In this and future articles entitled “Back to the Basics” I will do my best to get you, whether a beginner or a salty old veteran, back on the right path. From my 27 years [45 years] of scientifically-based, hunting-related research and studies of wild (unpenned) deer (in all types of habitat except desert), untainted by human-engendered myths and misconceptions, whitetail habits and behavior and hunting instructions that will be presented evolved only from what 75–90% of whitetails did under similar circumstances 75–90% of the time. Because my research and studies are unique among outdoor writers, because whitetails are constantly adapting to whatever we do as hunters and because we must therefore adapt as well, what I write may sometimes seem strange and different to you. Rest assured, however, what I write will be as close to the truth (scientifically correct) as I can make it, and for that reason, what you learn from these articles will improve your hunting success.
Before beginning, I feel it is important to put whitetail hunting in proper perspective. Whitetail hunting is a critical step in biologically-sound whitetail management, not only a means of cropping excess deer from our limited wilds, thus maintaining the health and reproductive capacity of our deer herds, but a means of cropping the less-fit of deer (deer most vulnerable to hunting by humans), thus maintaining the genetic strength of this species of wildlife (especially important today in view of the fact that there are too few wild predators in our wilds today to perform this vital task).
Once a means of subsistence (living off the land), over the past one-hundred years whitetail hunting in America has become regarded as a form of “outdoor recreation,” meaning, everyone who wants to hunt whitetails can enjoy the experience of living and hunting deer in our wilds, but restrictions imposed by hunting regulations necessarily prevent all who hunt whitetails from being successful. There are simply too many whitetail hunters in America today to allow 100% hunting success. In most states there are 3–4 times more hunters than the number of excess deer that should be cropped. For this reason, no hunter should expect to harvest a deer every season, no hunter should consider it his or her right to harvest a deer every season, no hunter should be so determined to take a deer every season that he or she will stoop to unethical or illegal means to do it and no hunter should countenance wasteful hunting practices — firing at deer under iffy circumstances, risking crippling and the failure to recover a wounded deer.
It should be every hunter's goal today to fire only at unsuspecting deer (standing or moving slowly) in the clear (no intervening obstructions) within easy (no-miss) shooting range. Hunters who hunt on foot, hoping to sneak up on a deer, rarely have this opportunity. Most of the deer they see are bounding headlong through heavy cover at long range. The only way unsuspecting deer can be encountered at short range with any degree of regularity is to sit in paths of moving whitetails well before they are near. This takes some doing, of course. The hunter must be knowledgeable enough to be able to predict exactly where and when one or more deer are likely to travel during a day of hunting, and skillful enough to avoid being identified by a quarry before the shot is fired.
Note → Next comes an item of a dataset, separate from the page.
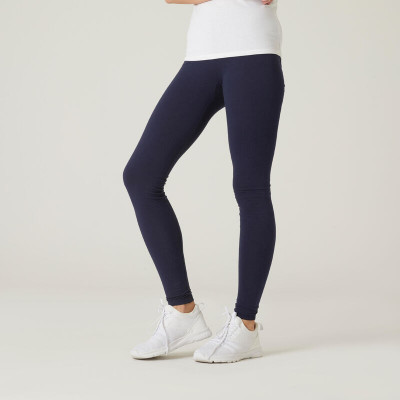 DOMYOS Legging fitness long coton extensible femme - Fit+ bleu marine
This, then, is what today's whitetail hunting is, or should be, all about.
Next month: Tracks
Good Luck Hunting,
Dr. Nordberg has written nine, long popular whitetail hunting instruction books based on more than three decades of scientific, hunting-related studies of wild deer over much of North America. Each covering different subjects, his books introduce several new and much improved hunting tactics, one wolf inspired, developed to make you regularly successful at hunting mature bucks (and other deer) with gun or bow.
Additional information for
Dr. Ken Nordberg's Whitetail Hunter's Almanacs
can be found at:
1st (out of print),
2nd (out of print),
6th (out of print),
7th (very limited copies),
Dr Ken Nordberg is semi-retired. For example, he no longer gives his famous Buck Hunting School in the spring. However, during the last two years he gave his school, his son John videotaped the classes, and transformed them into DVD. These masterful presentations on hunting trophy-class whitetails bucks and black bears are available to you now. Your Buck Hunting School will arrive on 10 information packed DVDs. Your Bear Hunting School will arrive on 2 information packed DVDs. For more information, click on the images below.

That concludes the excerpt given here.